I may have never mentioned this to you, blog, but I had a very specific dream when I was a little girl. My kindergarten teacher asked everyone what they wanted to be when they grew up, and I said, "My own boss." I wanted to write and act. Those were the only two jobs I ever wanted. I wanted to have lovers from every country in the world and eventually children from every country in the world. I think my logic was, why just pick one? It is hilarious and amazing and somewhat disturbing to suddenly step back from my life right now and realize that I am actually doing it. (No babies yet, though, please.)
I am actually doing it.
Sure, there are points I'd like to hit in my acting career that I feel very far away from. I'd like to get great representation, star in feature films, win an Oscar. Sure. There are points in my personal life and finances that are not the best they could be. If I live long enough I'd like to someday get married and have kids (this is very hard for me to admit) and maybe - maybe - even open a savings account. But you know what? I am actually doing the things that I dreamed of doing when I was 6. If I don't thank God every day, shame on me.
This week, I got to go visit my 81-year-old Dad in Texas.
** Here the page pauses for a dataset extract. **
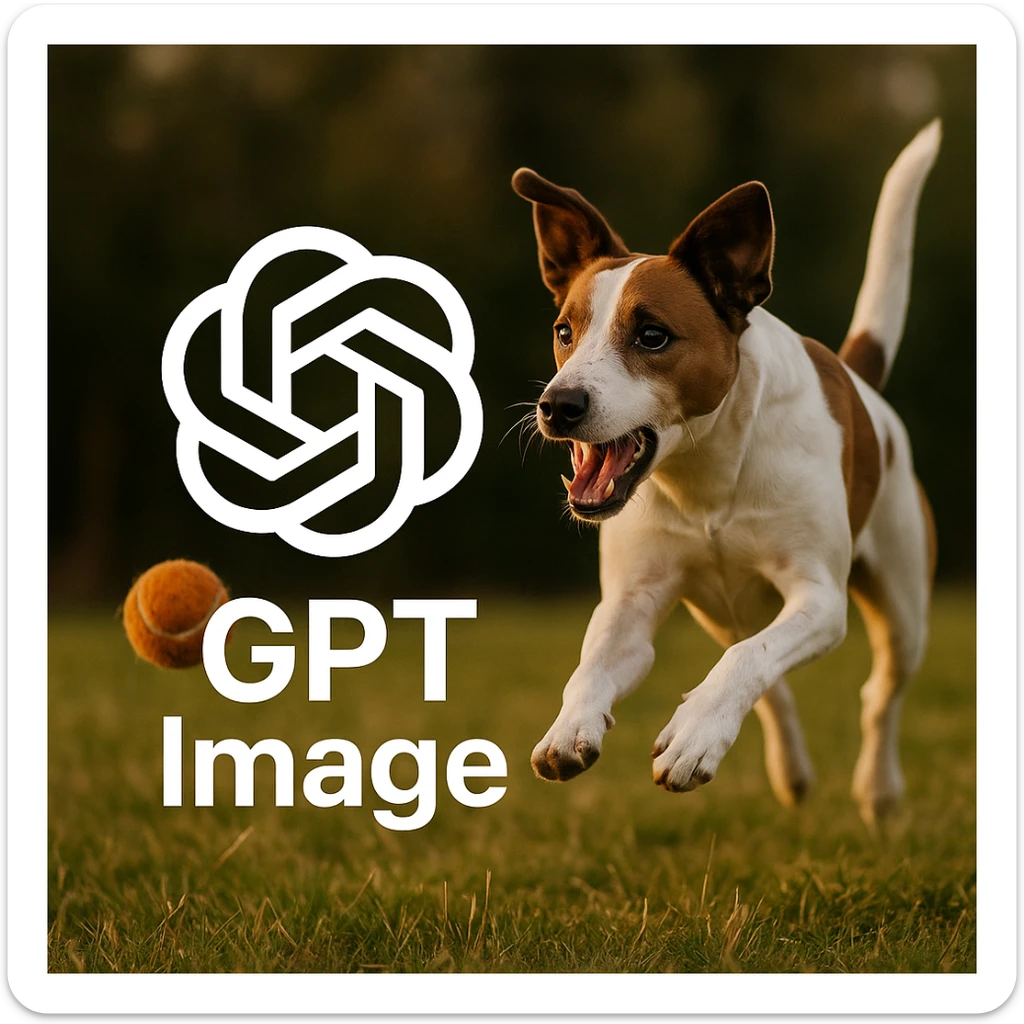  logo of chat gpt with text "GPT Image" on the background of a dog chasing ball, realistic image sticker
Our time together is always too short and we try to cram a year's worth of presence and intimacy into a few days, so it's always super intense. We go and sit in Carl's Jr. because he likes it and we drink decaf coffee and talk for hours. I told him how amazed and excited I am about the writing job, about my weird new attitude about acting that I haven't quite placed or defined, about how strong and lucky and perhaps almost empty I feel, in a way that seems good. Maybe open is a better word than empty. Maybe full is a better word than empty. Maybe empty and full are the same.
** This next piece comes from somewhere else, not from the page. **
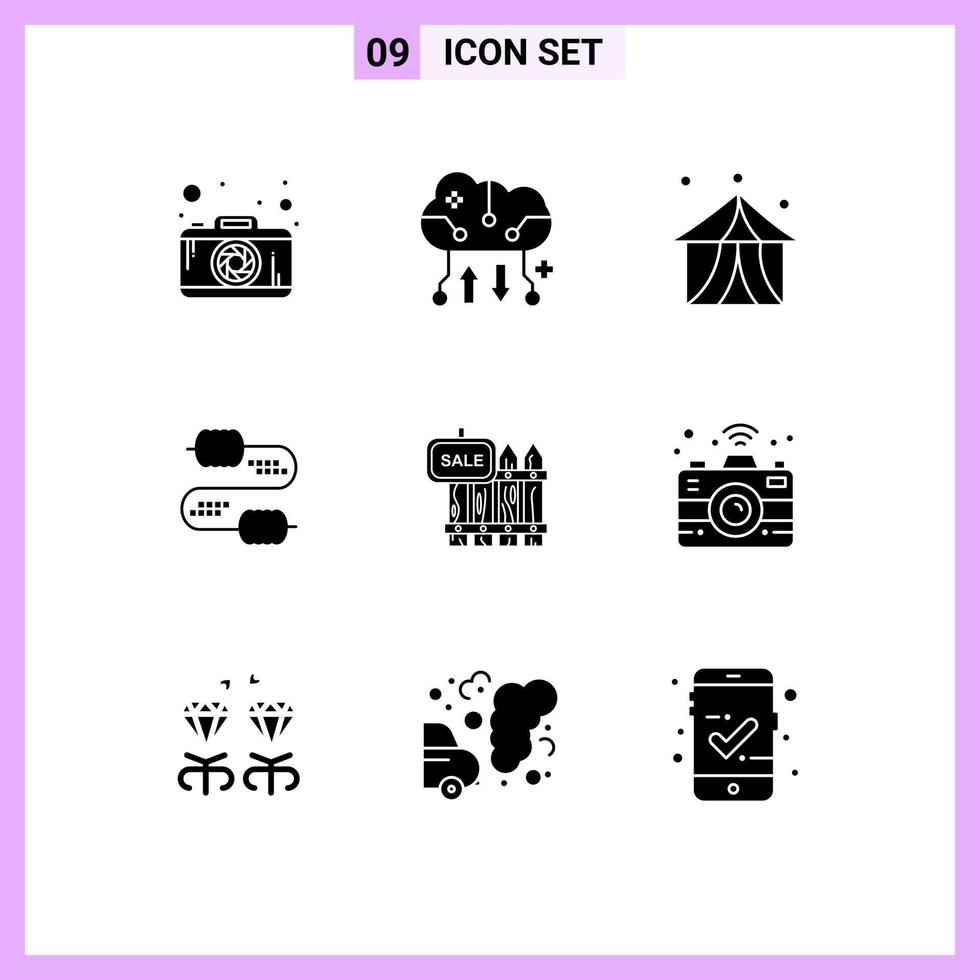 Group of 9 Solid Glyphs Signs and Symbols for wood capacitors circus joint cable Editable Vector Design Elements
And my Dad looked at me and said what might be the most important thing that anyone has ever said to me: "When I go, I get to go knowing that I've left the world a better place because you are in it. Because of who you are, not just what you're doing, but because you are a point of light in the world."
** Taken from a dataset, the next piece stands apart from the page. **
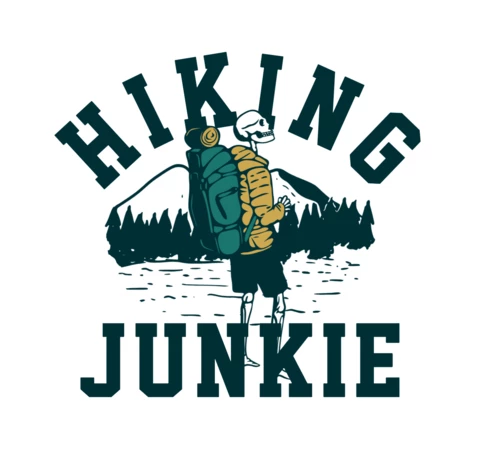 Junkie de randonnée avec modèle de conception de t-shirt vintage squelette de randonnée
So, blog, I just had to write again and say all that, to try to explain how the last months have given me moments and choices and gifts that changed me, and what was significant about them. Not everyone gets to hear words like that from their Dad. I really, truly wish they did. We need to know what we mean to people, what our lives can be. I am sharing this not because I want to rub it in peoples' faces or anything, but because I want people to know that you CAN say words like that, and that when you do, it makes someone's life. We have that power with each other. I want to share that you can disappear in a positive way, to transform and resurrect. That resurrection is real.
It turns out, life is pretty simple. I may never win an Oscar or really "make it" as an actor in terms of shiny money things, but I've made it. I may never be a New York Times bestselling author, but I have had my writing published and read by strangers who paid my rent for me. I may never actually have kids from all the countries in the world because that would be 196 children and that is just a totally stupid idea in retrospect. I may always be a little bit of a jerk sometimes, when I am hurt, because I am a human being and no matter how hard I try to do the right thing I will sometimes fail. Yet I see that I can try to do the right thing - I have that option to choose - and that is the important bit.
As far as I am concerned, my Dad just gave me the Lifetime Achievement Award. Even if I never accomplish anything else, I'm good.